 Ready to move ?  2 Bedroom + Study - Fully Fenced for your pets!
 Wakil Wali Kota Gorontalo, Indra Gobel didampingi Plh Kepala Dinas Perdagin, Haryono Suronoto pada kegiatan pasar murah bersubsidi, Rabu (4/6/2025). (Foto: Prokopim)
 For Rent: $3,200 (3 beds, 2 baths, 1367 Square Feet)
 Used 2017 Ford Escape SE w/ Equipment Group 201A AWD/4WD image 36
┄┄┄┄┄┄
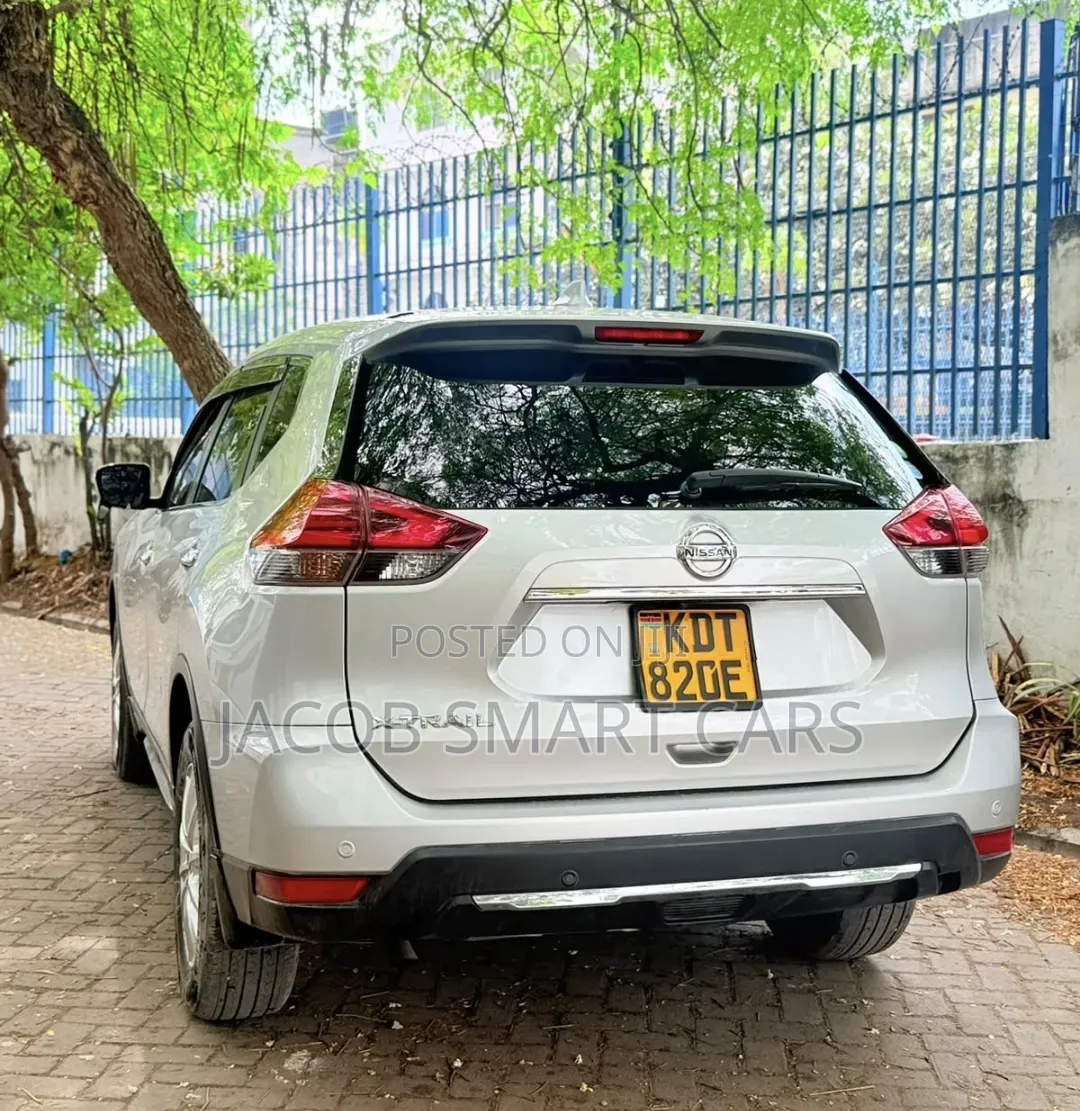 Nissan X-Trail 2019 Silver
┄┄┄┄┄┄
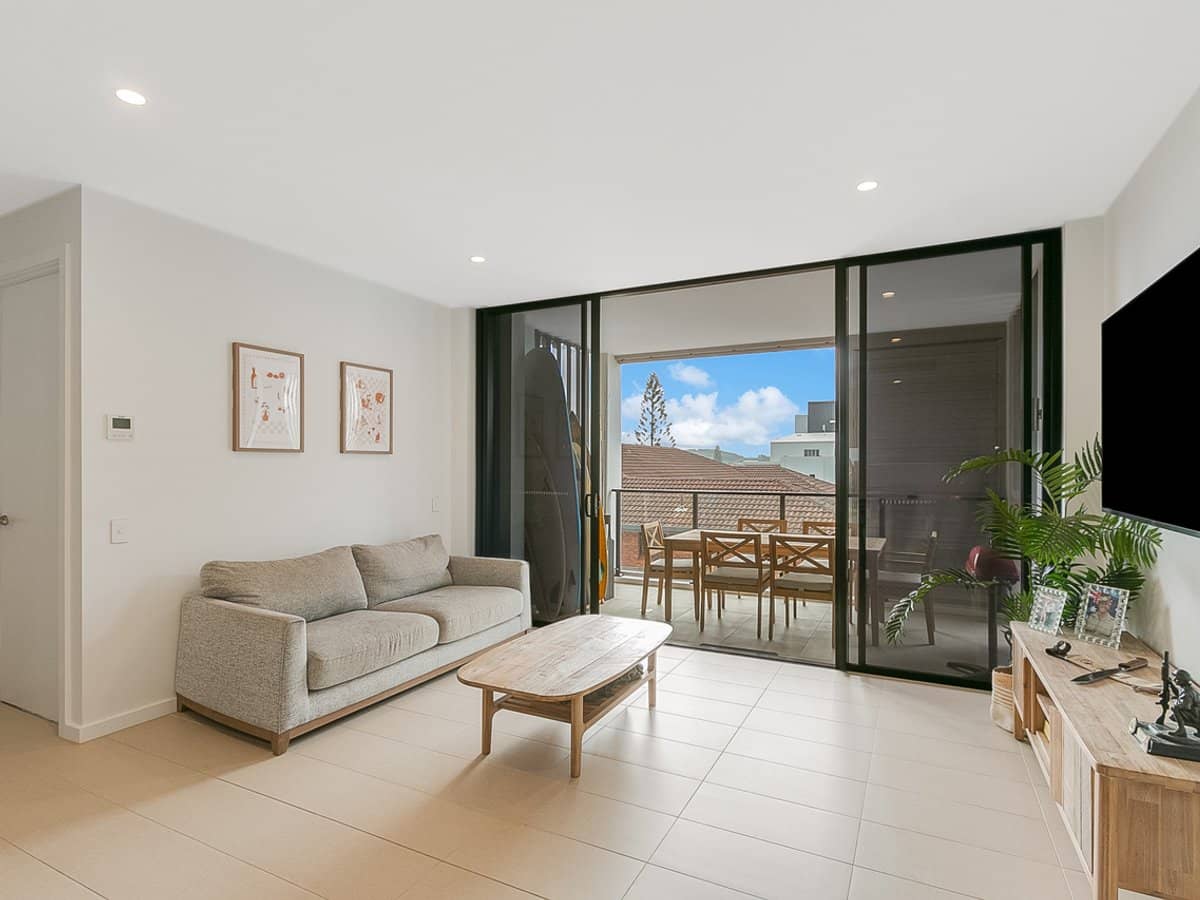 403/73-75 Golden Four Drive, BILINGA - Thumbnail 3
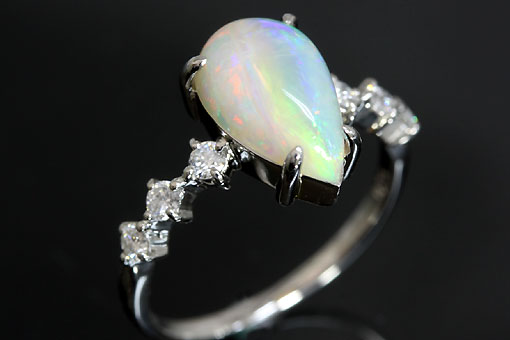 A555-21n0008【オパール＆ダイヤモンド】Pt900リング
┄┄┄┄┄┄
Considering only the material above, set down every line from the one with "For Rent: $3,200" to the one with "Used 2017 Ford", inclusive, exactly as written.

Task output:
 For Rent: $3,200 (3 beds, 2 baths, 1367 Square Feet)
 Used 2017 Ford Escape SE w/ Equipment Group 201A AWD/4WD image 36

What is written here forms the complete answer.